OpenCalais followup

As I wrote a while ago, I’ve been experimenting with the Calais Auto Tagger plugin which interfaces WordPress with OpenCalais. After writing a post, you push a button and it looks at the text and comes up with some tags.

After running it over my entire site, I ended up with over 5,000 tags. Eat that, LiveJournal. However, there’s quite a lot of crap in there, and I’m going to need to do some cleanup.

For instance, the tagger seems to get confused by punctuation. I ended up with double quotes in some tags, because words it found interesting were at the start of a quote. It also picked out “56AM” as a tag, based on it occurring in the time 3:56AM. Not too smart. It also ended up with some HTML entities in tags, such as “&hellip”, but that could be a bug in the plugin.

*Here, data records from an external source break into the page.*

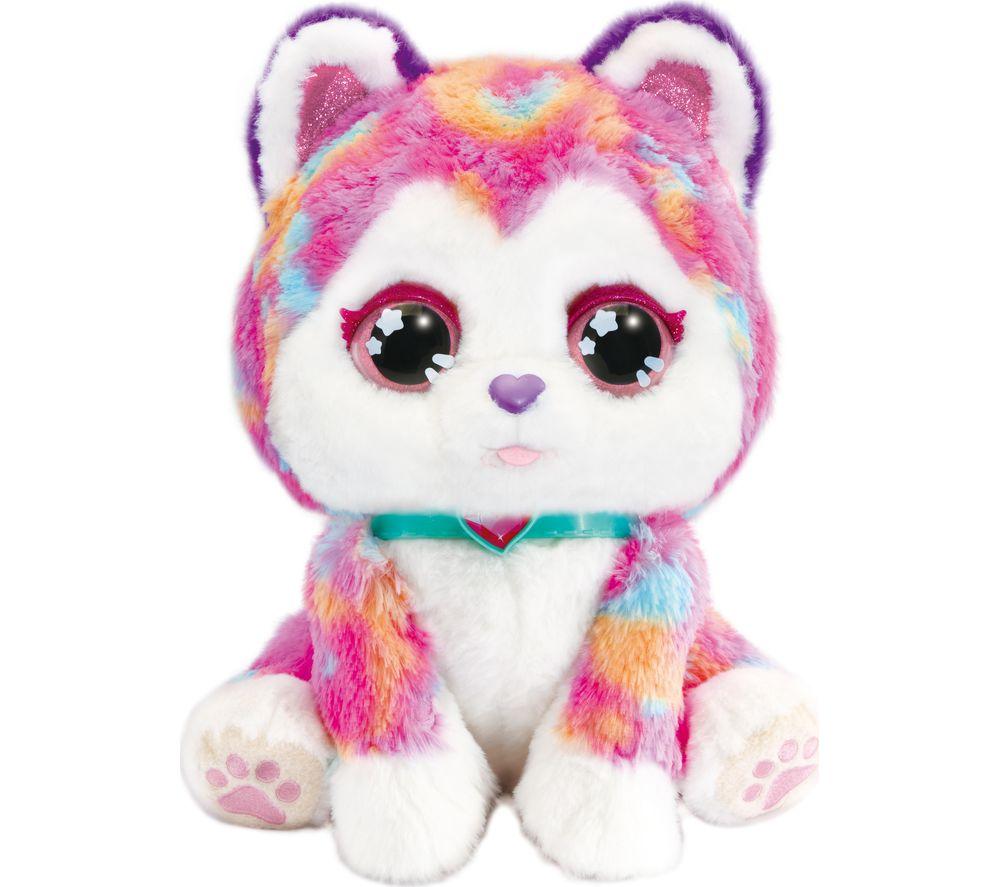 VTECH Hope the Rainbow Husky review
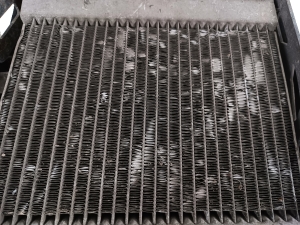 Mercedes Benz G-Class 463 (1990–2018) Muu radiaator A0995003203 - 5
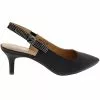 Aerosoles Main Frame Dress Shoes - Womens Black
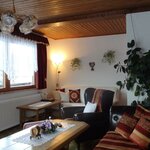 Bild von Appartement/Fewo, Bad, WC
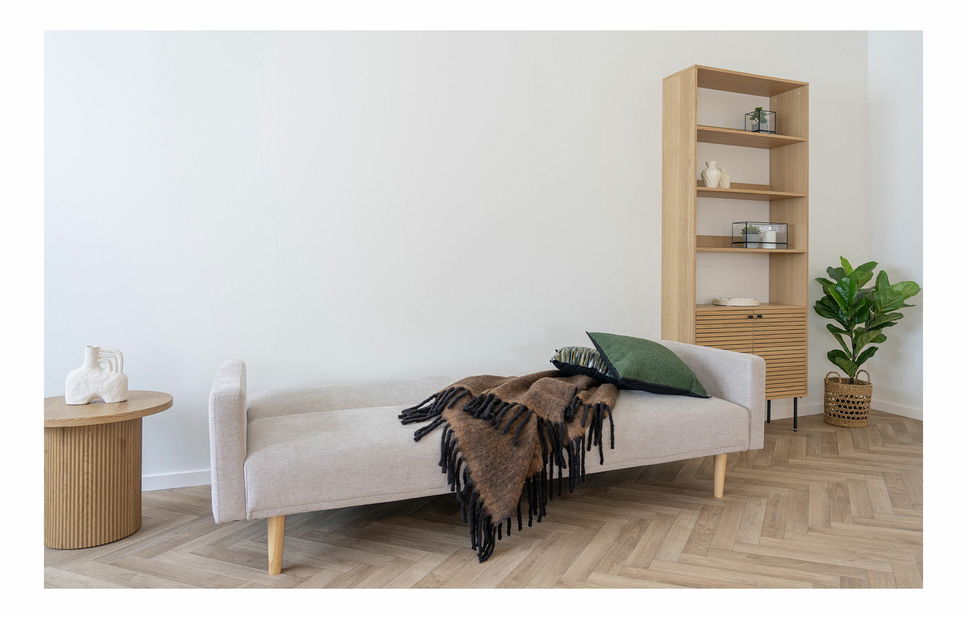 Deka Cvaria (hnedá)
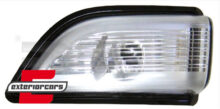 Žmigavac u retrovizoru (lijeva strana) / VOLVO XC60 (05.2008-04.2013)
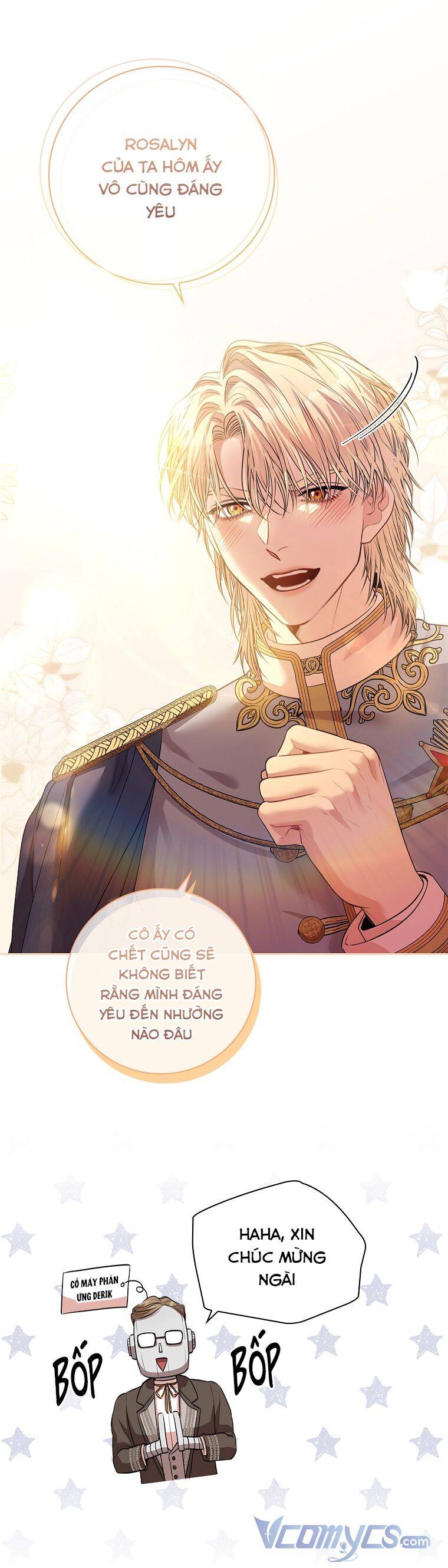 Thư Ký Của Bạo Chúa Chap 78 - Next Chap 79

On the plus side, it mostly does a good job of picking out noteworthy people’s names. However, it didn’t detect that “Obama” refers to Barack Obama, which I think would be a pretty good optimization to add for this upcoming year.

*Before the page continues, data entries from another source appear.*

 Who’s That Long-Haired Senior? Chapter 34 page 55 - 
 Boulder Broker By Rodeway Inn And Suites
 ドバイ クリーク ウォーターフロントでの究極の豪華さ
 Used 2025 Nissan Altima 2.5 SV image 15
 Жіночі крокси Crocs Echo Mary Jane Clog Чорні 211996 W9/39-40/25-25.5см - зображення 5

It loves advertising. I suspect that’s what it’s really being used for. I ended up with tags for advertising, picking out advertising agencies, advertising agency, advertising campaign, advertising campaigns, advertising inserts, advertising money, advertising pages, advertising revenue, advertising space, and even advertising wrap, even though I don’t talk about most of those things. (Well, until now.)

Another weirdness is that it loves tagging things with “USD”, which I assume refers to the currency. It tagged over 217 posts with that. Anything which mentions an amount of money and a ‘$’ symbol seems to get tagged with it, which makes some sense, but isn’t terribly useful. As a human, I’d expect things to be tagged ‘USD’ which actually concerned international currency exchange.

There are also topics it seems totally hopeless at finding keywords for. I’ve written several entire posts about the budgerigar, for example, and it hasn’t picked out that “budgerigar” or “parakeet” would be a good tag for them.

So overall, it’s useful, but don’t expect to be able to throw a lot of text at it and get good tags out without doing some post-filtering. It seems to pick up things that Bayesian analysis isn’t good at spotting, however.